* [TRY IT]
Every line of the data below should be repeated exactly, and no picture should be copied.

* [DATA EXCERPT]

=== Begin Enclosure ===

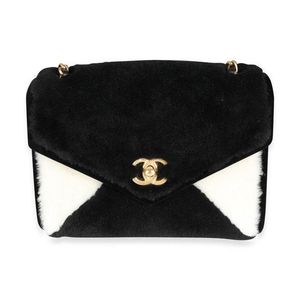 Chanel Black & White Shearling Small Single Flap Bag - Handbag | Pre-owned & Certified | used Second Hand | Unisex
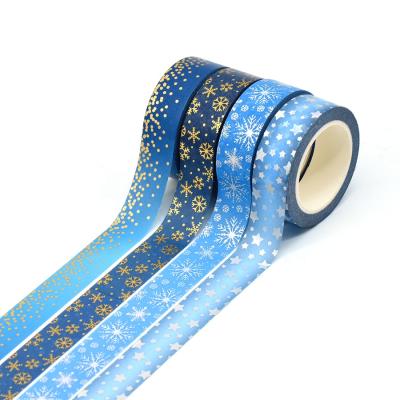 China Diy Waterproof Traveler And Floral Design Japanese Gold Foil Flowers Design Custom Washi Tape for sale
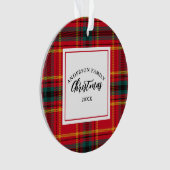クリスマスタータンチェックプレイドファミリー名年 オーナメント (正面)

=== End Enclosure ===

* [OUTPUT]
 Chanel Black & White Shearling Small Single Flap Bag - Handbag | Pre-owned & Certified | used Second Hand | Unisex
 China Diy Waterproof Traveler And Floral Design Japanese Gold Foil Flowers Design Custom Washi Tape for sale
クリスマスタータンチェックプレイドファミリー名年 オーナメント (正面)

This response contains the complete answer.